NO, but it started happening to me on my last three trips as well. I was concerned that it didn't record my trips -- but it did. I sent email to support... but haven't heard back from them yet.


----------



## Dillanwasx (Aug 7, 2015)

Don Oldenburg said:


> ... *but haven't heard back from them yet*.


Now there's a shocker.!


----------



## Drifter (Jul 28, 2015)

Uber is getting so big now, you know. Got to keep coming out with updated versions with bugs and glitches.


----------



## daniel mondello (Jul 5, 2015)

I am getting that so I shut down my phone and restart. It helps


----------



## sidewazzz (Jun 30, 2015)

Same, Anyone else having to rate pax twice as well?


----------



## JohnF (Mar 20, 2015)

sidewazzz said:


> Same, Anyone else having to rate pax twice as well?


I thought it was me fat fingering ... now I realize its Uber doing the fingering


----------



## ginseng41 (Nov 30, 2014)

I'm getting this as well as a forbidden 403 one


----------



## Horsebm (Jul 21, 2015)

sidewazzz said:


> Same, Anyone else having to rate pax twice as well?


My app also has me rating a pax twice. not all the time, but more than I would like.


----------



## flameoff (Jul 10, 2015)

sidewazzz said:


> Same, Anyone else having to rate pax twice as well?


Somehow tonight's trip, I didn't get to rate PAX.....just went straight to the Uber's main screen, tried to go offline but there was no such option on top right corner for more than legit 3 min. Ended up closing the app and restarted.


----------



## Disgusted Driver (Jan 9, 2015)

I'm getting the error 500 OK too BUT at least it isn't freezing on me when I arrive anymore. That was sucking big time because I had to reboot my phone to get it to let me start. Nothing like being at the mercy of the evil overlord.


----------



## cfluser (Jun 15, 2015)

I'm getting g malformed request. Dammit


----------



## Emp9 (Apr 9, 2015)

sidewazzz said:


> Same, Anyone else having to rate pax twice as well?


 yes i have had both issues since the update tuesday. and it comes up Rate Last rider . i did already. and some times i cant rate the pax at all.


----------



## RainbowPlate (Jul 12, 2015)

A "500 error" regardless of the exact wording simply means the server is busy.


----------



## Unico (Nov 5, 2014)

I got this error today when I switched back from Waze to the uber app to end the trip. Gave me option of cancel or sign out.
After a while I'm able to log in but no sign of the trip, checked the history and its like it never happened...
Anybody else?


----------



## Horsebm (Jul 21, 2015)

How is it that Uber can't figure this out and get it right ?


----------



## Rocker (Aug 23, 2015)

I also got "Error 500 ok" several time when end of trip.


----------



## Goober (Oct 16, 2014)

I've had all of the above..


----------



## madUber74 (Jun 3, 2015)

Unico said:


> I got this error today when I switched back from Waze to the uber app to end the trip. Gave me option of cancel or sign out.
> After a while I'm able to log in but no sign of the trip, checked the history and its like it never happened...
> Anybody else?


I got a "malformed request" this past Friday night (approx 5:45pm Central) at the conclusion of a trip, and for some time after wasn't able to log back in to the system. I finally did get back online and proceeded giving trips the rest of that night however the trip that ended funkily and resulted in the "malformed" error doesn't appear to have been recorded.
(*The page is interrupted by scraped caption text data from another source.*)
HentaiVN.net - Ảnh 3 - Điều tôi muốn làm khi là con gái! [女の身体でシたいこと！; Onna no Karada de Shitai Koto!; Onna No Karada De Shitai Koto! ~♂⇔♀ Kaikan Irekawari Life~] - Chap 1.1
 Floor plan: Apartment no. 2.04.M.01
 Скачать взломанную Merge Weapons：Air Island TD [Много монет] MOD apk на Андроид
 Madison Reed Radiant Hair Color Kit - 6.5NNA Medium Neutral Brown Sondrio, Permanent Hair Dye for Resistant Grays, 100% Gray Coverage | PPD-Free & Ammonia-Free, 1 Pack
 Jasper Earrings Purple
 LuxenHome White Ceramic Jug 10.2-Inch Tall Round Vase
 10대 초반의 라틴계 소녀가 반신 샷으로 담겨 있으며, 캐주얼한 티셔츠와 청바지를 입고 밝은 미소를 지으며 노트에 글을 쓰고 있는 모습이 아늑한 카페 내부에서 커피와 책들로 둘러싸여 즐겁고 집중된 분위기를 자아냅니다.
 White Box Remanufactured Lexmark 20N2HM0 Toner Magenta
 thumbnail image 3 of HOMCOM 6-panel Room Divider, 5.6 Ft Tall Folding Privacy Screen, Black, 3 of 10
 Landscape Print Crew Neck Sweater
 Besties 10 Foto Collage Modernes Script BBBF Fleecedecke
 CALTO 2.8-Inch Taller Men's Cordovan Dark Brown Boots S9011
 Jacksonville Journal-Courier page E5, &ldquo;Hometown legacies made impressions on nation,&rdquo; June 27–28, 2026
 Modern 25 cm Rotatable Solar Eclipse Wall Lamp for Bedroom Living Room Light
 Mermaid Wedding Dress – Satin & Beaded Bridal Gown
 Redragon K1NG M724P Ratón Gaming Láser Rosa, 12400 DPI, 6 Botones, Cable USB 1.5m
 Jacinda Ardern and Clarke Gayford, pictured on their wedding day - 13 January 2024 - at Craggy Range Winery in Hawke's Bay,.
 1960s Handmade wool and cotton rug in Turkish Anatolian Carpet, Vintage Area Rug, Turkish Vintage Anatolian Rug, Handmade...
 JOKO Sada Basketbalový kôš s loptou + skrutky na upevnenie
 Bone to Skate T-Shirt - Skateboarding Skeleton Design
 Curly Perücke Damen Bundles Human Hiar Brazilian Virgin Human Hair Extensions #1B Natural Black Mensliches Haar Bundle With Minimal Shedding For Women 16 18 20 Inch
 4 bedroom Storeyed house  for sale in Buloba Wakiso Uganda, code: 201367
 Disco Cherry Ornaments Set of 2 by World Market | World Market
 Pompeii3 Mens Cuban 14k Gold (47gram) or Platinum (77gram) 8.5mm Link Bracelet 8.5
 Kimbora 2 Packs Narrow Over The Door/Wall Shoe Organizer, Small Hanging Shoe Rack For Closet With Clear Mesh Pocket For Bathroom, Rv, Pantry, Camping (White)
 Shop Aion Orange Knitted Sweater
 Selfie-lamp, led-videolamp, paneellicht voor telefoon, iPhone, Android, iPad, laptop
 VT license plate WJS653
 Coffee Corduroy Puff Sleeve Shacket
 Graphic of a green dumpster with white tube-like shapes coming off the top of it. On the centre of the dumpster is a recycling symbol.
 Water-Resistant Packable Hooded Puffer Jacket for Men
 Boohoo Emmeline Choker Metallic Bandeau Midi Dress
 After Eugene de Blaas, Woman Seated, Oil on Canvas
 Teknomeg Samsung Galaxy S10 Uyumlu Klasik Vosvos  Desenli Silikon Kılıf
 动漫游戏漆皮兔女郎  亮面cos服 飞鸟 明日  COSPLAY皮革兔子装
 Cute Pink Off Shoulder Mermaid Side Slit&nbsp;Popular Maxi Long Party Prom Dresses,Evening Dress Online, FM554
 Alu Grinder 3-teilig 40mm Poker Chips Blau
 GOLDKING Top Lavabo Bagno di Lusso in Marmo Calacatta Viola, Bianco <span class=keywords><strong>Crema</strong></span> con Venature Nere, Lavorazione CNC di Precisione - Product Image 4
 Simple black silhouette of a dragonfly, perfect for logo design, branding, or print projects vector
I know from experience that sometimes the system gets backed up and trips don't immediately show up in trip history or earnings tabs in dashboard, sometimes not even until the next day. However this one's different, I'm only missing the one trip, I have trips recorded before and after.

After a few emails back and forth with Uber Support, I'm still getting canned responses telling me to wait and eventually the server will get up to date. It's now more than 48 hrs later. Ugh.


----------



## TinyDog (May 24, 2015)

Hey madUber74 , if your trip still isn't there, and your emails haven't been escalated, try emailing the local office. That has worked for me in the past.

Good luck


----------